De esta forma tan poco gloriosa fue como terminó la lucha libertaria contra el opresor centralista de nuestro entrañable psicópata, que se cobró con sus purgas unas 80 víctimas en total. Aparte los que después fueron condenados por haber participado en ella, porque esta historieta, más allá de las ingentes cantidades de anécdotas coloristas tipo Puerto Hurraco, enfadó muchísimo a Felipe II. Lógicamente, pues si bien era el producto del sueño de una mente sanguinaria y enferma, dejó bien a las claras el precario estado real del orgulloso y sobre el papel invencible Imperio de los Habsburgo españoles. El más extenso y rico de los reinos de Felipe estaba a merced de cualquier grupo de hombres armados lo suficientemente faltos de escrúpulos, como pronto iban a comprobar los abundantes enemigos de la Monarquía hispana.

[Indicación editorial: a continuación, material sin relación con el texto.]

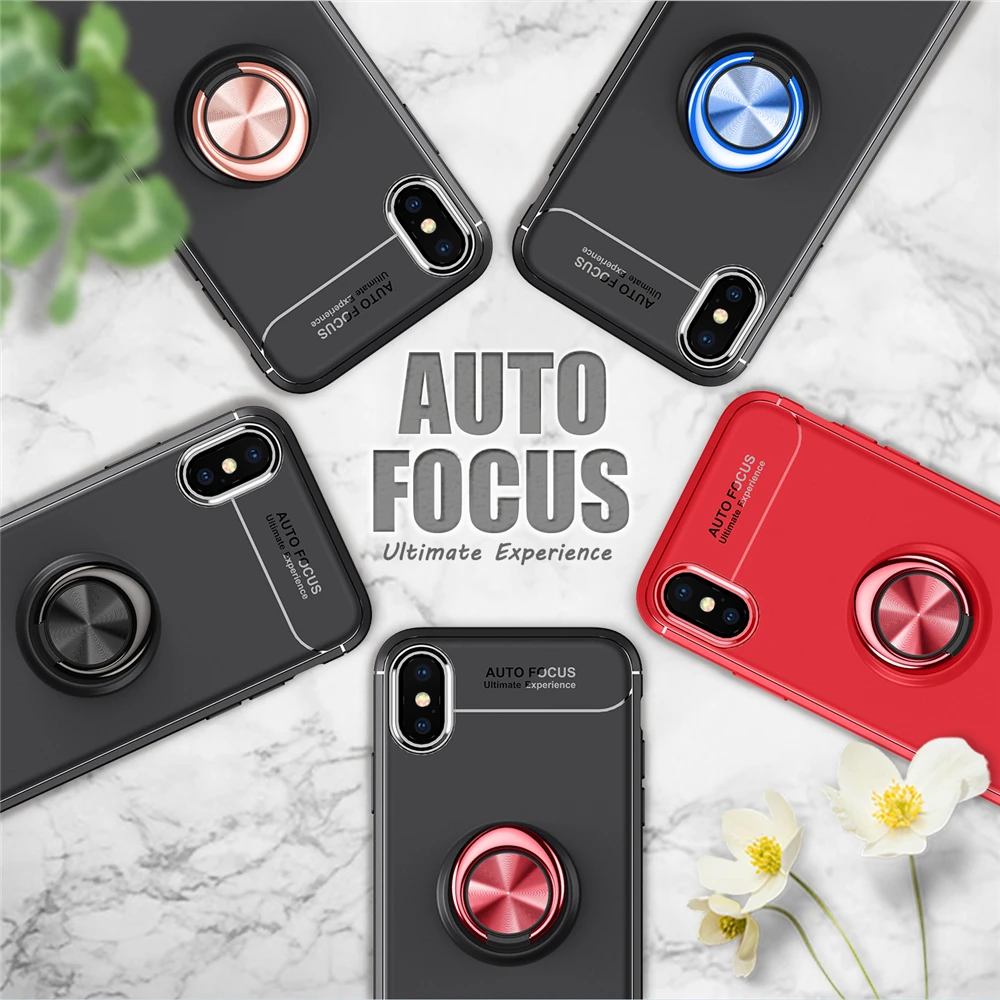 Car Magnet Shockproof Case For iPhone 11 pro max 5 5s 6s 6 7 8 Plus X Xr Xs Max TPU Cover Rotating Metal Ring Stand |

Estamos aún en la época anterior a las grandes fortificaciones defensivas, la explotación sistemática de la riqueza natural americana y la feroz guerra contra la piratería; la mayoría de fundaciones coloniales son modestos pueblos de varios cientos de vecinos casi completamente indefensos.

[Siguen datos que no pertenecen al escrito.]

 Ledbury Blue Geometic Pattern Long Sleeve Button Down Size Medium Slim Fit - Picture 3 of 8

Por eso, todo aquél que firmó la famosa desnaturalización fue perseguido con saña por todo el continente y ejecutado por orden del rey (por ejemplo, nuestro gourmet Llamoso). Excepto quienes pudieron aportar pruebas en su favor, o mejor dicho tergiversar los hechos por falta de testigos incriminadores vivos, entre los que contamos al escribano Pedrarias de Almesto, que para fabricarse un alegato no tuvo mayor problema en plagiar la crónica de Francisco Vázquez, otro marañón, añadirle cuatro parrafitos y poner su nombre en el texto.

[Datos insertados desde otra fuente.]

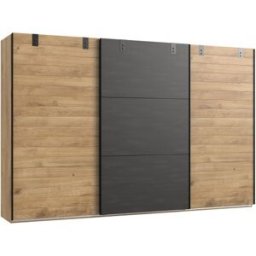 Deladeco Armoire adulte industrielle 300 cm chêne/anthracite Michigan I Chêne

Se habrán dado cuenta de que se trata de una truculenta historia, y de que tenía yo razones sobradas para abrir la serie con este tremebundo personaje, pero seguro que tampoco se les ha escapado las posibles utilizaciones interesadas del relato. De hecho, yo mismo he tenido que ponerme un tope a los chistes sobre política vasca contemporánea, que no me digan que no se presta. Pero más allá de las chanzas, es una historia demasiado apetitosa para que pasara desapercibida a todo Padre de la Patria que se precie; nada menos que Simón Bolívar se hará eco del asunto, presentándola como la primera declaración de independencia de la historia de América. Qué más da que fuese la cobertura legal de una futura rapiña, que allí no hubiese ni “pueblo oprimido”, ni patrias ni nacionalismos. En política todo vale y el Libertador necesitaba seguramente un antecedente donde legitimarse. Como ven, la tontuna no tiene fronteras de espacio ni de tiempo. Ni tampoco los problemas mentales; no saben ustedes lo que me está costando decidirme por uno en concreto para escribir la siguiente entrega.